Elle sera transférée à l’hôpital de la Pitié-Salpêtrière une heure plus tard. À 1 h 40, le ministre de l’Intérieur Jean-Pierre Chevènement se rend à l’hôpital. Il y est rejoint par l’ambassadeur de Grande-Bretagne, Michael Jay, qui a prévenu son gouvernement et Buckingham Palace. Le permanencier de Matignon en informe son homologue de l’Intérieur. « J’ai dû passer et recevoir 300, 400 coups de téléphone dans la nuit », se souvient Pierre-Alain Muet.

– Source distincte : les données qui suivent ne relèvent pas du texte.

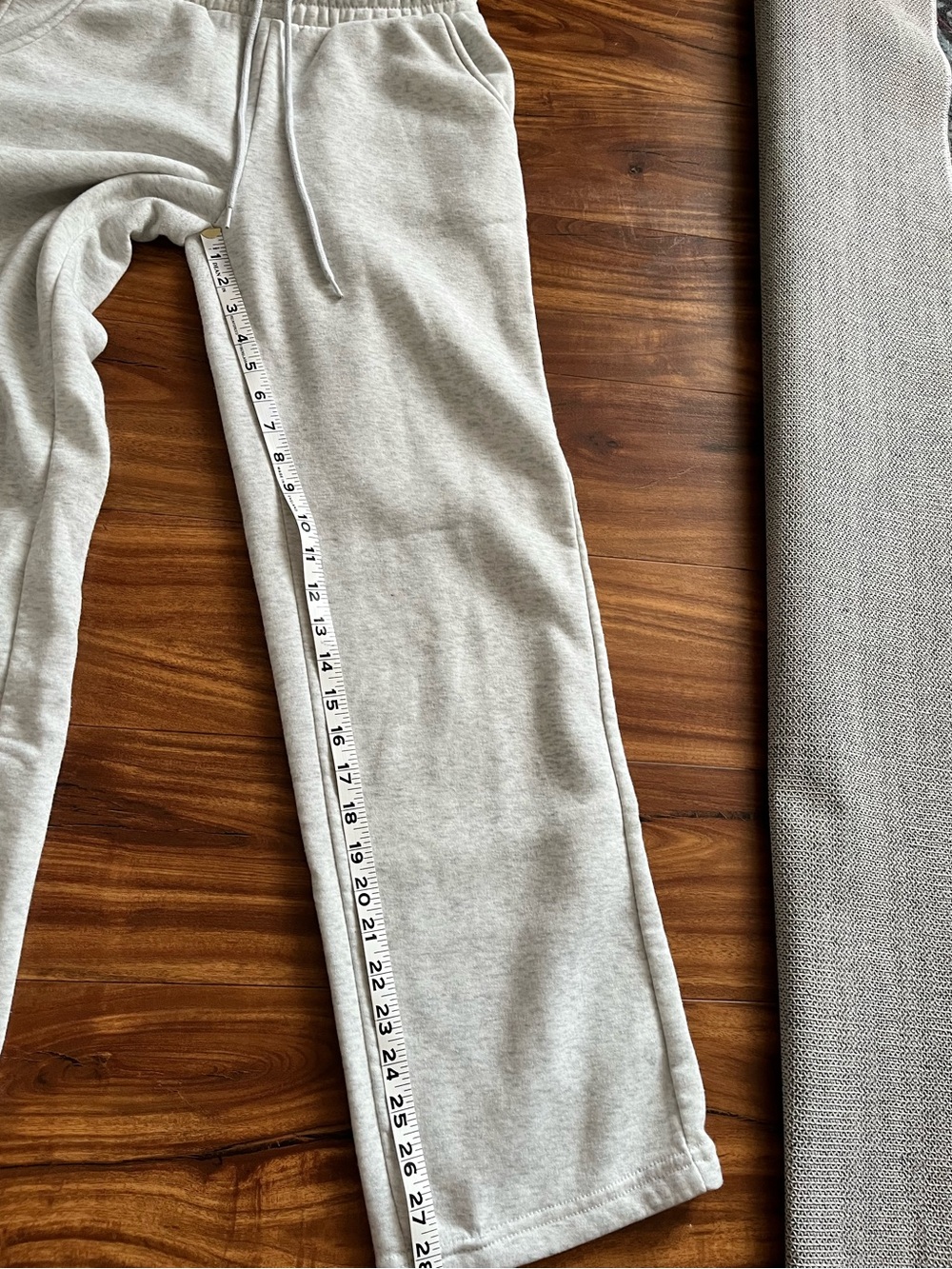 Bundle of Sweatpants - Picture 12 of 12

« Je vois encore Pierre-Alain avec son pantalon à moitié enfilé, sourit Simone Muet. Je crois qu’il n’a pas pu finir de s’habiller de la nuit. » Le téléphone mobile est alors peu répandu. À son bureau de permanence, Pierre-Alain Muet a devant lui deux téléphones fixes : l’interministériel, et celui relié aux standardistes de Matignon (« des professionnels extraordinaires » ). Les deux ne cessent de sonner, lui laissant à peine le temps de consigner les événements les plus importants dans le cahier de permanence. « Je n’avais pas le temps de prendre du recul, raconte le conseiller. J’étais informé de tout, je validais, je tranchais. J’ai dû décider du nombre de Gardes républicains, quand le protocole hésitait... Et j’ai vérifié cette nuit-là que la machine administrative française fonctionne admirablement. »

Réveiller Jospin ?

Reprenons le cahier de permanence de Matignon. « 2 h 00 - Téléphone à Olivier Schrameck pour l’informer : informer PM demain matin ». Il s’agit du directeur de cabinet de Lionel Jospin, son bras droit à Matignon. Chacun loue son intelligence et sa puissance de travail, mais le haut fonctionnaire Olivier Schrameck est un piètre politique. Pas question pour lui de réveiller le Premier ministre qui dort dans un hôtel de Rochefort, près de La Rochelle. Il doit y délivrer dimanche un discours important devant l’université d’été du PS. Et Diana, divorcée du Prince Charles, est une personne privée en voyage privé.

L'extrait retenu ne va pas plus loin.